Leddy will be replaced as CEO on April 1 by Josh Marks, Global Eagle’s executive vice president for connectivity. Marks joined Global Eagle in 2015 when the company bought masFlight, an aviation data-analytics company he co-founded and led as CEO.
“[Marks] is the right person to lead our global team to achieve greater success for our customers, employees, and stakeholders,” Leddy said in a statement. “The Board and I are confident this will be a seamless transition.”
Leddy is replacing Ed Shapiro, Global Eagle’s outgoing board chairman. The company did not specify Shapiro’s reason for leaving.
Leddy was appointed CEO of Global Eagle in February 2017 following the abrupt resignation of previous CEO Dave Davis and Chief Financial Officer Tom Severson. Global Eagle hired Harris Caprock’s CFO, Paul Rainey, to replace Severson two months later.

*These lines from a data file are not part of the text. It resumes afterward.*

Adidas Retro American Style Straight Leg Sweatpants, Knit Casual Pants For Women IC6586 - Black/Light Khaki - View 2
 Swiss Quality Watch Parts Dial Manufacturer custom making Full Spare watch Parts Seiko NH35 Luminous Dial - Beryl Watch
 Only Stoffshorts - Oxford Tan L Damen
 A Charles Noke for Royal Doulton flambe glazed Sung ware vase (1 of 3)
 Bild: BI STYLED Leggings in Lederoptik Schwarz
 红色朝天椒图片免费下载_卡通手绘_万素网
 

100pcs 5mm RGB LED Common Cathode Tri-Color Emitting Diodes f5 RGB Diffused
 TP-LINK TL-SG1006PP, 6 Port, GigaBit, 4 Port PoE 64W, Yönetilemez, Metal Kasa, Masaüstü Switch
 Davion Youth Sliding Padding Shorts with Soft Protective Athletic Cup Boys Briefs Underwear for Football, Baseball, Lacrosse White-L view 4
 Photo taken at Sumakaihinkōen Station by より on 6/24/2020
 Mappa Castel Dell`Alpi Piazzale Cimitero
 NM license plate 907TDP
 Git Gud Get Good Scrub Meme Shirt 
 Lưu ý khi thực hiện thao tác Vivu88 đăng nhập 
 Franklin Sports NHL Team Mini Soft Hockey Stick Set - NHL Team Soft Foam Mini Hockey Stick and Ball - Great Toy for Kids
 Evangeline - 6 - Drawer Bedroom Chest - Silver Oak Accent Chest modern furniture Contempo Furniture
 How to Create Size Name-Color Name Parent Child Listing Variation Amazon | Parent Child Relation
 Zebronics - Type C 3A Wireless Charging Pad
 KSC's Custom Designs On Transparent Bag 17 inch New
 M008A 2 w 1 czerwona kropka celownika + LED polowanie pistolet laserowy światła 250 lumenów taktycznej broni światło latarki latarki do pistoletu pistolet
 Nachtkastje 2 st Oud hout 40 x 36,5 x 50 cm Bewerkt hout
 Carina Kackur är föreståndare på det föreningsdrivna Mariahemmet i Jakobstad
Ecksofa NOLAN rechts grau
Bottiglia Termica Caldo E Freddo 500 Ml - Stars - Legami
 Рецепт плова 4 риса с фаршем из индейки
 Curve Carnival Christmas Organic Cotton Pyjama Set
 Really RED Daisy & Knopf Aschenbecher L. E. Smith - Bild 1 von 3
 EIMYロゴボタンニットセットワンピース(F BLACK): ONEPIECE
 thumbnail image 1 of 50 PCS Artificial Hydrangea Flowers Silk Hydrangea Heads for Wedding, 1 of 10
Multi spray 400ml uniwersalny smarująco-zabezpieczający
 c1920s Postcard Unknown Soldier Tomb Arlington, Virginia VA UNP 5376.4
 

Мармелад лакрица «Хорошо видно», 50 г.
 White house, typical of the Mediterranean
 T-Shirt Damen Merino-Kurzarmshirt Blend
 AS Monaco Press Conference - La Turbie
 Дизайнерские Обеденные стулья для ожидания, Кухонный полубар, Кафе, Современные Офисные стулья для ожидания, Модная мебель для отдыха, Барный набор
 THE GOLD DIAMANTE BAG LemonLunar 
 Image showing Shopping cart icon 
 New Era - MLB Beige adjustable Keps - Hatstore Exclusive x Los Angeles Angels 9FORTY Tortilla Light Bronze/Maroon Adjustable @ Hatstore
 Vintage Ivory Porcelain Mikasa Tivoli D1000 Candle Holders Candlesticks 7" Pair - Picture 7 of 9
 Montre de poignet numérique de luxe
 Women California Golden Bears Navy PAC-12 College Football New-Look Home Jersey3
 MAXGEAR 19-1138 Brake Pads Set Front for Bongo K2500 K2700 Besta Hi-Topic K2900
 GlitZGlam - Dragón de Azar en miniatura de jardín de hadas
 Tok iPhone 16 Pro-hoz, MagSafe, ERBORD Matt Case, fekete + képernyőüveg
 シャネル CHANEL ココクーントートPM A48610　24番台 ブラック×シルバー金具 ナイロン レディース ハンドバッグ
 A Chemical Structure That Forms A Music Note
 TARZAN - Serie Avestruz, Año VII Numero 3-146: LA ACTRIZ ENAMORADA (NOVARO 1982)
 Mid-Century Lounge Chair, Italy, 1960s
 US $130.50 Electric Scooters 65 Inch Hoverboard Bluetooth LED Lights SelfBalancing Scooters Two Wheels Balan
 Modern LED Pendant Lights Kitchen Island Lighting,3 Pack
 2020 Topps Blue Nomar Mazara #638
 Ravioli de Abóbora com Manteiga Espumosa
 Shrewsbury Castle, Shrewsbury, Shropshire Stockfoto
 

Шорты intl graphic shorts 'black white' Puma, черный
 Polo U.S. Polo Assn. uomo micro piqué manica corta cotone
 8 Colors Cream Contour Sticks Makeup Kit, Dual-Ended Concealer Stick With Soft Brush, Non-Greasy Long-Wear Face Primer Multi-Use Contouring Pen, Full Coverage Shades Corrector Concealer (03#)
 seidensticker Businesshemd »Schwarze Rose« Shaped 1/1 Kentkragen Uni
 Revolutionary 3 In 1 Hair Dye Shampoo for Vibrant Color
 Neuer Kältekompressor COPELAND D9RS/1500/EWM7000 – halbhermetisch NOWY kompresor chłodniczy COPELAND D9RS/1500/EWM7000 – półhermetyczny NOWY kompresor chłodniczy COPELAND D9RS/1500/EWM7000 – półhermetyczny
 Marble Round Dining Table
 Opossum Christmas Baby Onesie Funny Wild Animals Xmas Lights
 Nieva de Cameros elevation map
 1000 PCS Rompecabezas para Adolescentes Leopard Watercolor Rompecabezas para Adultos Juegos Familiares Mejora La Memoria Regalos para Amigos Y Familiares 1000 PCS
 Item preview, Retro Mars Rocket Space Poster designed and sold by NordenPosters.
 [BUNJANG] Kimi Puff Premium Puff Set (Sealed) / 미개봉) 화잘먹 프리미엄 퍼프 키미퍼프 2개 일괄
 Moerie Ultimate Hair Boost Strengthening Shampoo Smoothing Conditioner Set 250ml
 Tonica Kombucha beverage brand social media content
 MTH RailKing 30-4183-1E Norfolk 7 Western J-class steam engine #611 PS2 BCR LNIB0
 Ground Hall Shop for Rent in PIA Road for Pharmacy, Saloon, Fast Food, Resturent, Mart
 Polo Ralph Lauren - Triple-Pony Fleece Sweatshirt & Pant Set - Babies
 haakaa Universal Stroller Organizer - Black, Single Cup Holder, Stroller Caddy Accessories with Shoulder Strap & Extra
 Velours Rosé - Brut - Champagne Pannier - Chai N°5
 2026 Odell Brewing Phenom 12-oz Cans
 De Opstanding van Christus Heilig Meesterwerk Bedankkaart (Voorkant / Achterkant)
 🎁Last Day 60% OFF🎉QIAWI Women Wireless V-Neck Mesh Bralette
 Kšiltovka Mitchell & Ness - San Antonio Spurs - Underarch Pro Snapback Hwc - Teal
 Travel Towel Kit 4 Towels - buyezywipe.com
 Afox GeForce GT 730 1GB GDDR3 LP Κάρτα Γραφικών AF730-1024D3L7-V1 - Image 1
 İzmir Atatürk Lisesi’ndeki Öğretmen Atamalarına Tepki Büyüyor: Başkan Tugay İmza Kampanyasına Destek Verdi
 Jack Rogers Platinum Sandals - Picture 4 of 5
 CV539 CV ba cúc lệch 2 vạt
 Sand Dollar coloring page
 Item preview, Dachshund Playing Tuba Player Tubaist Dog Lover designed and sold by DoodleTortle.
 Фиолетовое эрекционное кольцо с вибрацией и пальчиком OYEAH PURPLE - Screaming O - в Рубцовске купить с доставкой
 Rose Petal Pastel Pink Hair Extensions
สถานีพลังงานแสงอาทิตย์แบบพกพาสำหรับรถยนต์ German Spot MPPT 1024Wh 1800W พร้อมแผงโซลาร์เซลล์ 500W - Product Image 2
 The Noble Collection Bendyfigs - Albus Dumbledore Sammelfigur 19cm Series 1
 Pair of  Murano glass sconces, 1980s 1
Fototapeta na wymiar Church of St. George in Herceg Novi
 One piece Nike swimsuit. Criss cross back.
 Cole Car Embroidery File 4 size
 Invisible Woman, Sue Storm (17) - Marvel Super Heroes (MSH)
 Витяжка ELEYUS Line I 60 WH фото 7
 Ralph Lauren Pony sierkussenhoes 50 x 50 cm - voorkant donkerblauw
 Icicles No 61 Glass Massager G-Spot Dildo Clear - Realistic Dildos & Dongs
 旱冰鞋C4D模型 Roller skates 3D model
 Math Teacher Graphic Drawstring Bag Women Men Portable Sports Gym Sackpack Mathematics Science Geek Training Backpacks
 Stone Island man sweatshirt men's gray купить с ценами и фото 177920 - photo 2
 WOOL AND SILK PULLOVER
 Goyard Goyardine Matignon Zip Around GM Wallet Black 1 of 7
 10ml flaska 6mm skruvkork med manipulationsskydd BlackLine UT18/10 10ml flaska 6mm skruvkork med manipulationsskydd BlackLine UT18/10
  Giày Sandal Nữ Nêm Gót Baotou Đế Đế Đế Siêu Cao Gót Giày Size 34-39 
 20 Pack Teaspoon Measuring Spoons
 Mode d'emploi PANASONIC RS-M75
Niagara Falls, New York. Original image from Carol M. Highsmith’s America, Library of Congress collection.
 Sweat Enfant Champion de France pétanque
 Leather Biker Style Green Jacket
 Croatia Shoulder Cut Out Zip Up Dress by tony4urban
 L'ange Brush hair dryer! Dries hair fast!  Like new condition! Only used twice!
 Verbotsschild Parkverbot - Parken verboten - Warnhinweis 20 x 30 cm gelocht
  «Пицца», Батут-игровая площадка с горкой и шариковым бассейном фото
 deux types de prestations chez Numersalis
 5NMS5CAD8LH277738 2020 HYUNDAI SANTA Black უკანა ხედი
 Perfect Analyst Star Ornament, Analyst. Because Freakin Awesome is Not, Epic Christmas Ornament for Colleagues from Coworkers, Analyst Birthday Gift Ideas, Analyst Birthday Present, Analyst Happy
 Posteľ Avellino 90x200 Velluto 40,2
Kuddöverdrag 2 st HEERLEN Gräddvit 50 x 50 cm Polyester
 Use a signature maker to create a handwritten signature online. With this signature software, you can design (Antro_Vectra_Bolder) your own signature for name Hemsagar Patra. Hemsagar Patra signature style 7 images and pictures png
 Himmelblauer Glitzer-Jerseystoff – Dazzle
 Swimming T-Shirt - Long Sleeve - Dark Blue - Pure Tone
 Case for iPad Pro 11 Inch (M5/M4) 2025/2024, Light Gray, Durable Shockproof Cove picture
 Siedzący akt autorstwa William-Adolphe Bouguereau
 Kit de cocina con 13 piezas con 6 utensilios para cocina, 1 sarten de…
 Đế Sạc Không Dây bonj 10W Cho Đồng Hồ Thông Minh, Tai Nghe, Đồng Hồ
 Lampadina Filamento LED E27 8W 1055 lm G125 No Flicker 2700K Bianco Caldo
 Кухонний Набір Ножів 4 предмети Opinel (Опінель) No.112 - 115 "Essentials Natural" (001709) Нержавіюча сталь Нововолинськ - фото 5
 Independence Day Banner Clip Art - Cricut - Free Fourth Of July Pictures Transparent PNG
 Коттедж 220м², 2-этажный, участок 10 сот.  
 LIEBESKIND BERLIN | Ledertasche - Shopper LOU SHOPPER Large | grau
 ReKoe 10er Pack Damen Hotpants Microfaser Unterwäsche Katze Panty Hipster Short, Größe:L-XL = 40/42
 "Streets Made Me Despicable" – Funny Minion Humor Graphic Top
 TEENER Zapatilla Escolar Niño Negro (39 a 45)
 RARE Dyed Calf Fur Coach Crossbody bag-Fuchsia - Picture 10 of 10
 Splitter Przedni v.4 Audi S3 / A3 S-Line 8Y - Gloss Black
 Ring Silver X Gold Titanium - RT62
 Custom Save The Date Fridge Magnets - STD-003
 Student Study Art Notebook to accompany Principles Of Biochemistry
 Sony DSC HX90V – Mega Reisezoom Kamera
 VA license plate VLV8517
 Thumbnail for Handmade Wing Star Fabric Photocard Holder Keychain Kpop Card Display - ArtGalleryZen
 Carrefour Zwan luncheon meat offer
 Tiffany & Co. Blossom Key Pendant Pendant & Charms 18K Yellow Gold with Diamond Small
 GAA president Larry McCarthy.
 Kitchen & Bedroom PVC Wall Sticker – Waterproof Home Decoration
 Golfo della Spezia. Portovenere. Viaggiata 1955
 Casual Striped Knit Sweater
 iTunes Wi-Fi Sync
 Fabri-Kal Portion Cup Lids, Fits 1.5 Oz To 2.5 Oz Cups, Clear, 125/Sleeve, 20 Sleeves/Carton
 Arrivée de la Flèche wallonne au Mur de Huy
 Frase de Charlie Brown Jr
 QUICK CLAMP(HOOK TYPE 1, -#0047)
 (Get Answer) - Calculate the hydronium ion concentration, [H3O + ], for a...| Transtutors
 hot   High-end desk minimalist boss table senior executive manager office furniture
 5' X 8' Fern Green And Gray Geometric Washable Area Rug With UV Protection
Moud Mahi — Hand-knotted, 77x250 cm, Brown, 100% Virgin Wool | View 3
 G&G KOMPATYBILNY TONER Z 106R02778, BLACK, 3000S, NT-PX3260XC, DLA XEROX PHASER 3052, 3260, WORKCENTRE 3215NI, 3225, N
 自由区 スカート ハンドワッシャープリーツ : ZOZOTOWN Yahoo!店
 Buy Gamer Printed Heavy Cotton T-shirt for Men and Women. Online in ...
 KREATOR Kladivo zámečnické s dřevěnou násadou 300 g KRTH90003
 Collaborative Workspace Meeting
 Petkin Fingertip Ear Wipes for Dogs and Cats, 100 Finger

Global Eagle filed late financial reports to the the U.S. Securities and Exchange Commission in January, blaming challenges in integrating recent acquisitions like EMC in May 2016. Three class-action lawsuits followed, of which two were voluntarily dismissed by plaintiffs and one by the U.S. District Court for the Central District of California.
Leddy said this February that the completed SEC documents, “validated the integrity of our financials, and confirmed our position that the company was not subject to any restatements, was not a perpetrator of fraud, and did not commit any other wrongdoing.”